- Posted by Jon Harju
- On March 14, 2020
Since the World Health Organization declared COVID-19 (coronavirus) a global pandemic, many of us are facing unknowns and experiencing changes in everyday life.
An outbreak like this triggers a response from us that not only demands energy and creates stress but can also lead to physical and emotional problems. It’s essential to recognize that mental health is a part of our response, so developing strategies that reduce stress while building resilience skills are important for maintaining our mental well-being.
We may not be able to control what happens with COVID-19 in the coming weeks and months, but we can control how we respond to it. With social distancing, school closures and event cancellations, many people have experienced negative emotional stress states leading to feelings of powerlessness, fear, and panic. Learn to adjust your attitude and adopt a mindset that helps you manage through times of change with a greater sense of control over your responses and helps keep your anxiety at bay.
Understand your response
Fear and anxiety are part of a normal response to COVID-19. Humans are hard-wired to feel fear; it keeps us safe and helps us take the necessary actions to ensure our survival. Sometimes fear can lead us to take actions that don’t benefit ourselves or others and ignite a sense of panic.
People are currently struggling to find the right balance between having a calm pragmatic approach versus a knee-jerk panic response. We’re witnessing people rush to the stores and feel fear at the sight of empty shelves with a lack of essential supplies.

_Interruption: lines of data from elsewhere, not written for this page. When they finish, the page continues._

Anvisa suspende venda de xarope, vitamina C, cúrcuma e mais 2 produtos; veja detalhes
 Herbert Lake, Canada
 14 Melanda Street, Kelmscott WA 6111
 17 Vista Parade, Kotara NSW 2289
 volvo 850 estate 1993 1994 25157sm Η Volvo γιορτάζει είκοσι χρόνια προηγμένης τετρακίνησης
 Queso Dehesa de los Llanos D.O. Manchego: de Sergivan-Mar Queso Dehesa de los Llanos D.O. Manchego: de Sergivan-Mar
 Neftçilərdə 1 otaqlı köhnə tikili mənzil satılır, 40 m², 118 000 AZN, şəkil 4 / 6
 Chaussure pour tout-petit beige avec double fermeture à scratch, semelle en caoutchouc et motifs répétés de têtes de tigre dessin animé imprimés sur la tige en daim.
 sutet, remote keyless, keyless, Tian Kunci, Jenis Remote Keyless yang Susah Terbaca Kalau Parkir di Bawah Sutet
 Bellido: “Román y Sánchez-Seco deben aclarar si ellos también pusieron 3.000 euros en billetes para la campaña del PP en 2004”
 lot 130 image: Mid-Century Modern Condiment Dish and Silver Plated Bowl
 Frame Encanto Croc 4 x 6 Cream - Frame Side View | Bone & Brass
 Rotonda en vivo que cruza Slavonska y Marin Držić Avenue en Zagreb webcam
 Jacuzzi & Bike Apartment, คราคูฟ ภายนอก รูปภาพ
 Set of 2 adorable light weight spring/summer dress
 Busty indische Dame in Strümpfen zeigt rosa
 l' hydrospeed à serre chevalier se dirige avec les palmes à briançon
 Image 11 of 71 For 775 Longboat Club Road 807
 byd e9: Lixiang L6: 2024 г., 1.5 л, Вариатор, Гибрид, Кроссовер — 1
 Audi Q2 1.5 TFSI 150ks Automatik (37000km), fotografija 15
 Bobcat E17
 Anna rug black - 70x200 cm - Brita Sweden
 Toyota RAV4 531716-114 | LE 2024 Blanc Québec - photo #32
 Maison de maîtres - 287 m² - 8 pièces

Recognizing your COVID-19 stress is information you can use to regain control while still taking necessary precautions.
5 ways a shift in your mindset can help you cope with COVID-19
1) Step back and look at the bigger picture
Taking a limited view of the events unfolding around you can elicit a strong reaction and trigger your fight/flight response. Your thoughts can easily turn to anxiety-inducing “what if” statements. The danger of the first “what if” statement is that it’s often not true, yet it has the power to set off a chain reaction of negative thoughts that lead you into a downward spiral.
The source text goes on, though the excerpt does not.